----- Records supplied -----
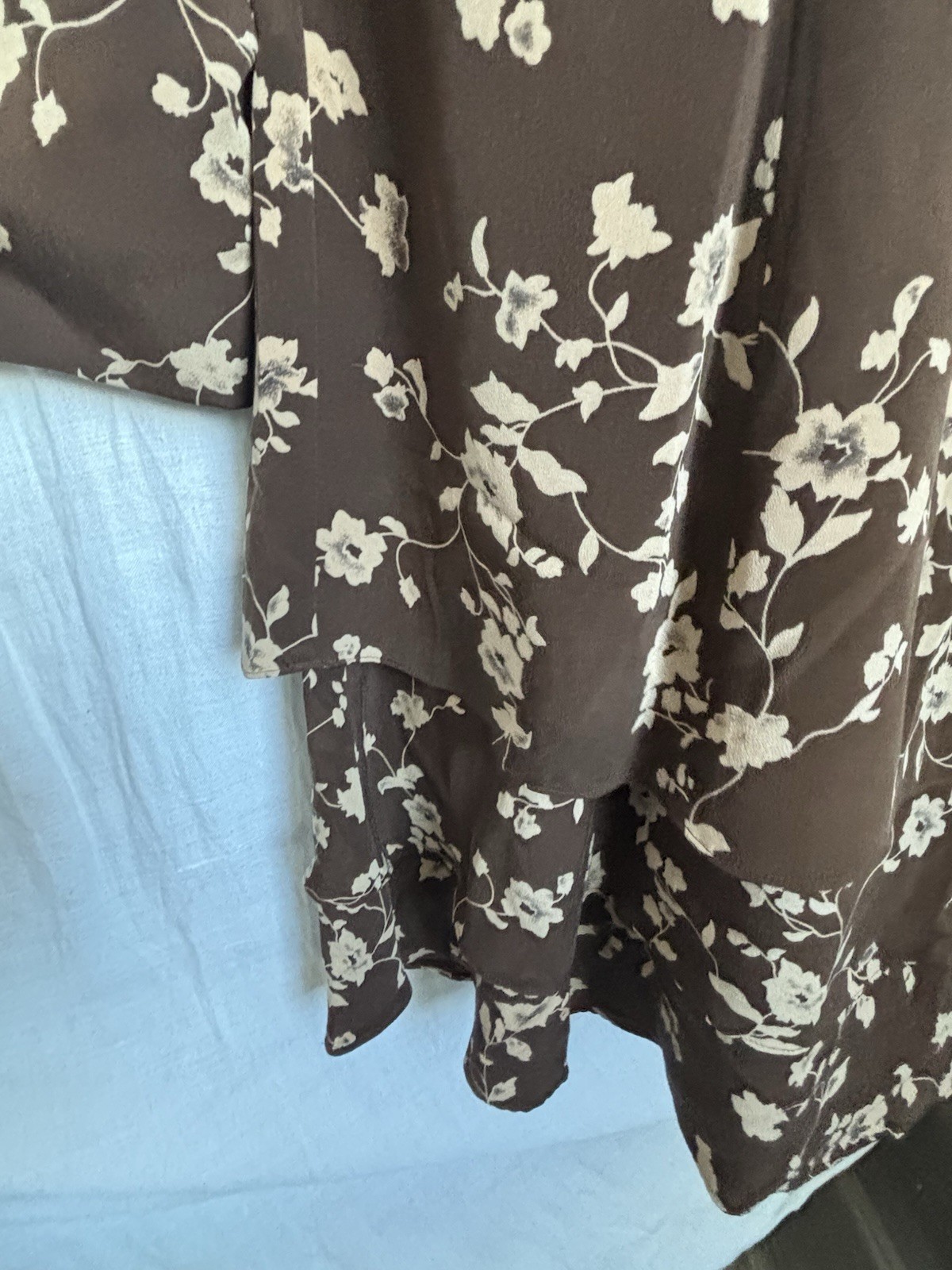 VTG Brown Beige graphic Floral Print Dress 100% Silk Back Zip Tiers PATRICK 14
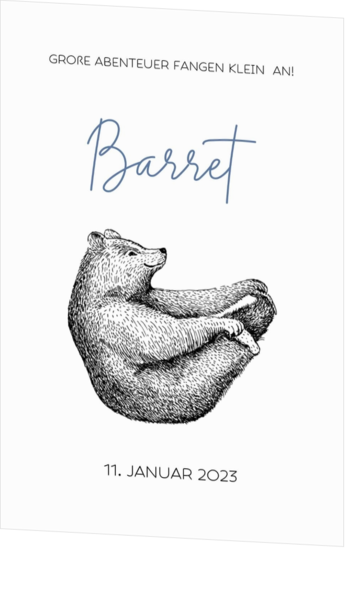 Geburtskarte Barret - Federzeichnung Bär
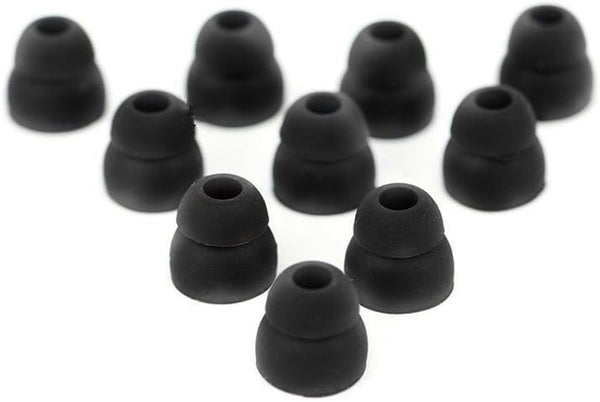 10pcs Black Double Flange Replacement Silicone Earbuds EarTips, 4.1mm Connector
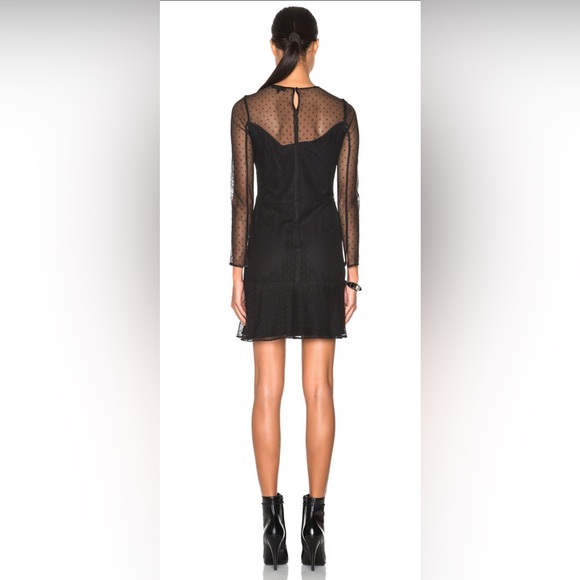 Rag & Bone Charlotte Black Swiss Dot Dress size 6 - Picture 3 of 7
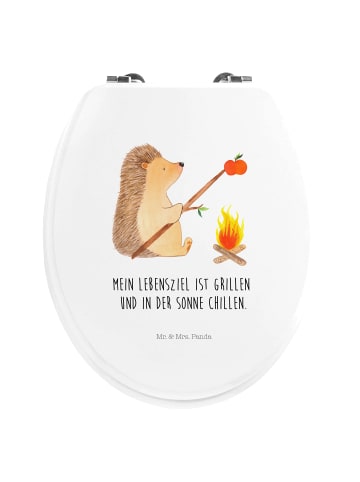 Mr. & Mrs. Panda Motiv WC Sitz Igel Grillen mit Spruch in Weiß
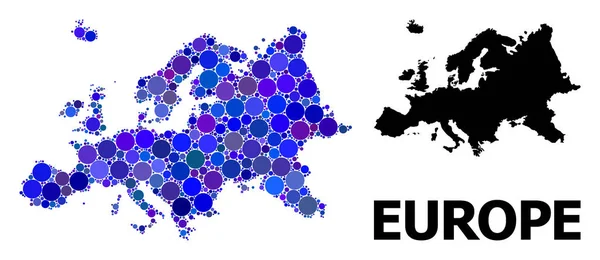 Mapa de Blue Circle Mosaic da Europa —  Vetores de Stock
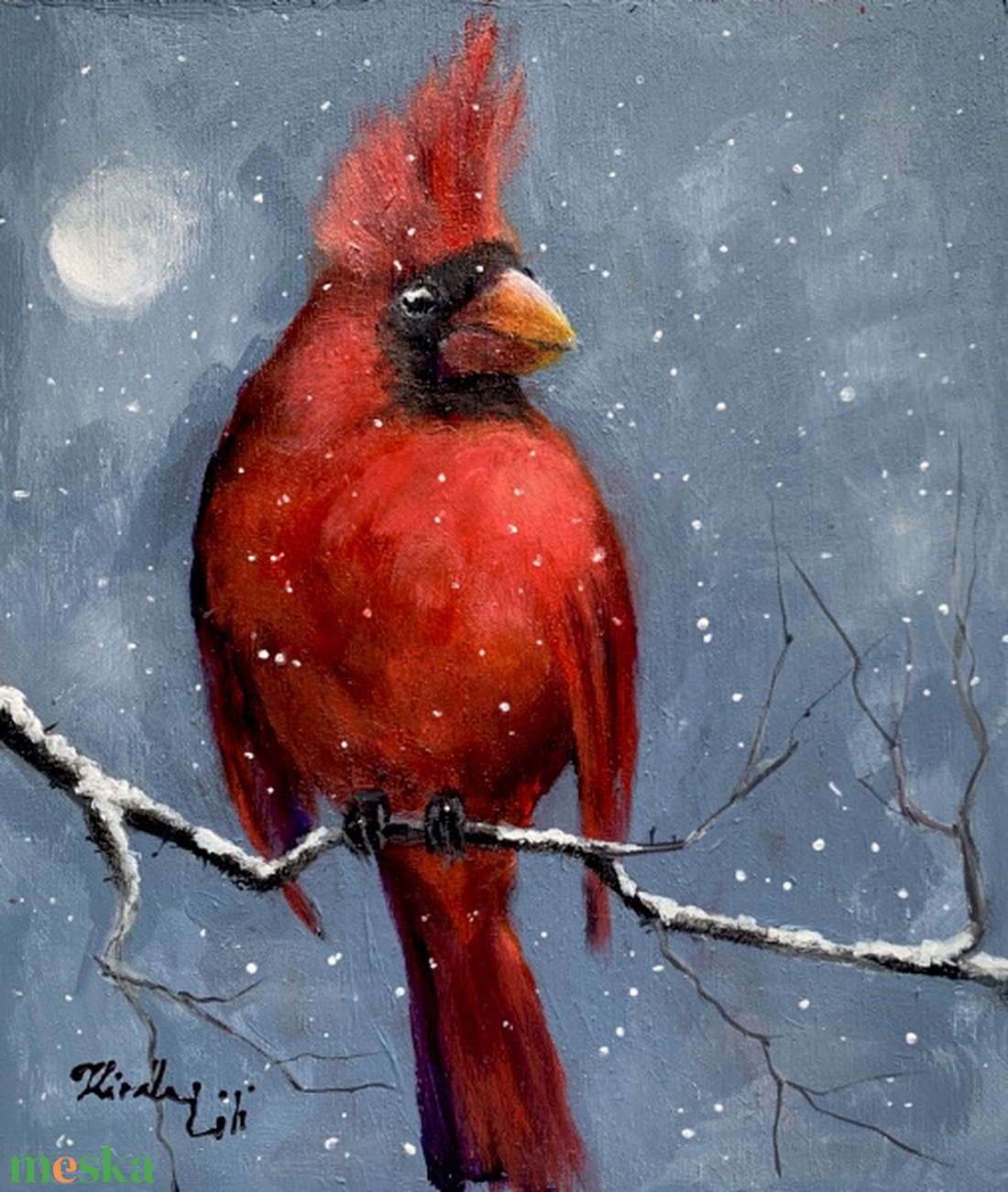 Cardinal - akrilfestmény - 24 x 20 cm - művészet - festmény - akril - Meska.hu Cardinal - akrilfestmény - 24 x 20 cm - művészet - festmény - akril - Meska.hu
-----
----- Records supplied -----
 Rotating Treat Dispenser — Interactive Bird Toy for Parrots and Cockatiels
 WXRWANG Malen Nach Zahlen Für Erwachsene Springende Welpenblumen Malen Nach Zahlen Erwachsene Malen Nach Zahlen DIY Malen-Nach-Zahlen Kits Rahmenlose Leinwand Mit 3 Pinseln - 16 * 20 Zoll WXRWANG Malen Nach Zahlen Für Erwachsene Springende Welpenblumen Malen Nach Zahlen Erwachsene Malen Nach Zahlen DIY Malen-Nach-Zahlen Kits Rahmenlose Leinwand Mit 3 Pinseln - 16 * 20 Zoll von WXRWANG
-----
> What is required: Skipping every picture, transcribe exactly the lines above from the one containing "VTG Brown Beige" through the one containing "- Meska.hu Cardinal", both included.

> Output of the task:
 VTG Brown Beige graphic Floral Print Dress 100% Silk Back Zip Tiers PATRICK 14
 Geburtskarte Barret - Federzeichnung Bär
 10pcs Black Double Flange Replacement Silicone Earbuds EarTips, 4.1mm Connector
 Rag & Bone Charlotte Black Swiss Dot Dress size 6 - Picture 3 of 7
 Mr. & Mrs. Panda Motiv WC Sitz Igel Grillen mit Spruch in Weiß
 Mapa de Blue Circle Mosaic da Europa —  Vetores de Stock
 Cardinal - akrilfestmény - 24 x 20 cm - művészet - festmény - akril - Meska.hu Cardinal - akrilfestmény - 24 x 20 cm - művészet - festmény - akril - Meska.hu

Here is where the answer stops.